The output is the lines below from the one with "kitchen with hardwood" through the one with "Close-up view of", both included, printed exactly and with no other line.

───── Information provided

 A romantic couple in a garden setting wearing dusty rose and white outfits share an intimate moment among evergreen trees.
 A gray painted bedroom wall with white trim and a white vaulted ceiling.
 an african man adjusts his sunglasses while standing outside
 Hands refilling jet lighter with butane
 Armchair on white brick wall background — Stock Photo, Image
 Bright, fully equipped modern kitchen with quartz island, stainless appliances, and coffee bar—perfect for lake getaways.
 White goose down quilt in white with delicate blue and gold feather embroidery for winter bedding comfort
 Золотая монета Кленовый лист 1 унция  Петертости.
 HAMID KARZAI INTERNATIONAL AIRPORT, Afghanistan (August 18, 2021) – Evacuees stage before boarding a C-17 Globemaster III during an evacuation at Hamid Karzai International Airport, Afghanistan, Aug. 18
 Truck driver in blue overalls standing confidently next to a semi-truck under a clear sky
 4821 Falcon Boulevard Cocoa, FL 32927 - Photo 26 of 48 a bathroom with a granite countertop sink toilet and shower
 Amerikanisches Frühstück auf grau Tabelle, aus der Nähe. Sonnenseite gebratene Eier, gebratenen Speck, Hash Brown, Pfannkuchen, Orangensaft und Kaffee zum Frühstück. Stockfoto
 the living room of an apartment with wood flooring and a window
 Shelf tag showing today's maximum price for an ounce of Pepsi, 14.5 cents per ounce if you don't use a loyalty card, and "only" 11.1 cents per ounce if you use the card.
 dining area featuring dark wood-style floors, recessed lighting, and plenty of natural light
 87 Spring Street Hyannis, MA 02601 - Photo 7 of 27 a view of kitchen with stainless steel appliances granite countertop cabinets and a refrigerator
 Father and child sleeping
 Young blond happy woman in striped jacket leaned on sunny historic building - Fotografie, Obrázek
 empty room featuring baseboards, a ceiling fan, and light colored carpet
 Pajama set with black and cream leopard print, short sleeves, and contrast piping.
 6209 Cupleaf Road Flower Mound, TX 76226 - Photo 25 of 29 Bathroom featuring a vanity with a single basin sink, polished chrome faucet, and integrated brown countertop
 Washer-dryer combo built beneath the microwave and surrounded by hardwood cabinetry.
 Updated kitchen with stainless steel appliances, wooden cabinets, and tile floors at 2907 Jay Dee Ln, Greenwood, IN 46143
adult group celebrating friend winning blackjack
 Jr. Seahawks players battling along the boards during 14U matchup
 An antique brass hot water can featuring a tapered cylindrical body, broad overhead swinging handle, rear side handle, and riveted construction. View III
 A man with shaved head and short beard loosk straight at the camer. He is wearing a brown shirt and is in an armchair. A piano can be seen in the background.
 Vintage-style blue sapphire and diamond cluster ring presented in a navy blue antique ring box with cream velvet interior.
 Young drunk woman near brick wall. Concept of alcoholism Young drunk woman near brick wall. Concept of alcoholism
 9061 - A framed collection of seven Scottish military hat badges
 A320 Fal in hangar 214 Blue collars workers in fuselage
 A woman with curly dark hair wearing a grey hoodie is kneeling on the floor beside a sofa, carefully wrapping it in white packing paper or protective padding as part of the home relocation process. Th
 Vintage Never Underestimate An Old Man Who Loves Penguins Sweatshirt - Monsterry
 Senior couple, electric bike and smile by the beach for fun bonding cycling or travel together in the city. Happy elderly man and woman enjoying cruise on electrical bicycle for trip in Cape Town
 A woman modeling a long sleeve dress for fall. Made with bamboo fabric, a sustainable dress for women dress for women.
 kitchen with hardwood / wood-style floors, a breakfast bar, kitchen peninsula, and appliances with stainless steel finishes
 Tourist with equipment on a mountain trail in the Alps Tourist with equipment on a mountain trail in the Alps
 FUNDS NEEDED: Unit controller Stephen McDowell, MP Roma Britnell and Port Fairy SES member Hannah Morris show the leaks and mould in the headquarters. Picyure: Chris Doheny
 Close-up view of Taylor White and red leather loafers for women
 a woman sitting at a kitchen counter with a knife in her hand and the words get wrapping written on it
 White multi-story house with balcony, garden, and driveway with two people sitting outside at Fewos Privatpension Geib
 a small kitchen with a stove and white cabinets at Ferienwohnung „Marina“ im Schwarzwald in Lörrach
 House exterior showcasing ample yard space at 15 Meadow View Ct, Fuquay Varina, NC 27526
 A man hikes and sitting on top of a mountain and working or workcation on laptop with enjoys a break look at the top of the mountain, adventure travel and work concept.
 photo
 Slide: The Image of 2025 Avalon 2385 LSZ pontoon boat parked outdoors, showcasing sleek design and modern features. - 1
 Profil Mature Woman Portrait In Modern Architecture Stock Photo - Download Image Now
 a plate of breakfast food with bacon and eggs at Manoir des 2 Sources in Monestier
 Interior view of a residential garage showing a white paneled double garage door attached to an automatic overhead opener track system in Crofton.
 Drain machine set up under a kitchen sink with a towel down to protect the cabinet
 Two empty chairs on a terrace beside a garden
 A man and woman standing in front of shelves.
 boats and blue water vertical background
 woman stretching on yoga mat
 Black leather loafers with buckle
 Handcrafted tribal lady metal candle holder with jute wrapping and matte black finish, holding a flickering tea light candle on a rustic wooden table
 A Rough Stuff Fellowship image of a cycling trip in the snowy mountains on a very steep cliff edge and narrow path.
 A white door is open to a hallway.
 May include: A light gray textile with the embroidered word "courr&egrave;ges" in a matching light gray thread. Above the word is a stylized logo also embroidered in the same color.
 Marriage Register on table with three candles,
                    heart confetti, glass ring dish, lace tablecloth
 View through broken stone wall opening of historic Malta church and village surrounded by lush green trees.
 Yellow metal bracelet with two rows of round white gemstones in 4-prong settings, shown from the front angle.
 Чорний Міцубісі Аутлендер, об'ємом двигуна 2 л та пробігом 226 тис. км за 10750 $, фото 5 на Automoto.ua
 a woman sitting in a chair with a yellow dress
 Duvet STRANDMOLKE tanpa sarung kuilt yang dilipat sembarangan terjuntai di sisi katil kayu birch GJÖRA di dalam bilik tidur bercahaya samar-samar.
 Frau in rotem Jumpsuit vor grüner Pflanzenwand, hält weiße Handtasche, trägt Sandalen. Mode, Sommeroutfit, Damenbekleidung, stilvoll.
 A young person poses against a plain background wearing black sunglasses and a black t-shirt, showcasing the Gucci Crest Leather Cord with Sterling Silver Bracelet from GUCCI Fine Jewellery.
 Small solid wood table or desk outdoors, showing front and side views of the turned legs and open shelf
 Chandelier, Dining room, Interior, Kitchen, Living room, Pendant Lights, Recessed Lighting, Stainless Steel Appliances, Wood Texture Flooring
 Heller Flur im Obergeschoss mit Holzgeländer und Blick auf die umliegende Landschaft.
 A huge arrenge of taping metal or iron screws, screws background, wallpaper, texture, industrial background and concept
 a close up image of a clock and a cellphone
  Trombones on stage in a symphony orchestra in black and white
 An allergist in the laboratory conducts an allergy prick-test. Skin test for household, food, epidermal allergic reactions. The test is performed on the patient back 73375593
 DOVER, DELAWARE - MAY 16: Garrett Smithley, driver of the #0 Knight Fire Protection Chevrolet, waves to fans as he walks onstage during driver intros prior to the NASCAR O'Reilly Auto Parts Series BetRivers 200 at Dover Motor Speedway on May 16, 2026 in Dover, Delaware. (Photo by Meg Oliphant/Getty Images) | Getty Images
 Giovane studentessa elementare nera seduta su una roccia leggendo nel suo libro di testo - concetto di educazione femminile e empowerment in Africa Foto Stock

──────────

__Expected output__
 kitchen with hardwood / wood-style floors, a breakfast bar, kitchen peninsula, and appliances with stainless steel finishes
 Tourist with equipment on a mountain trail in the Alps Tourist with equipment on a mountain trail in the Alps
 FUNDS NEEDED: Unit controller Stephen McDowell, MP Roma Britnell and Port Fairy SES member Hannah Morris show the leaks and mould in the headquarters. Picyure: Chris Doheny
 Close-up view of Taylor White and red leather loafers for women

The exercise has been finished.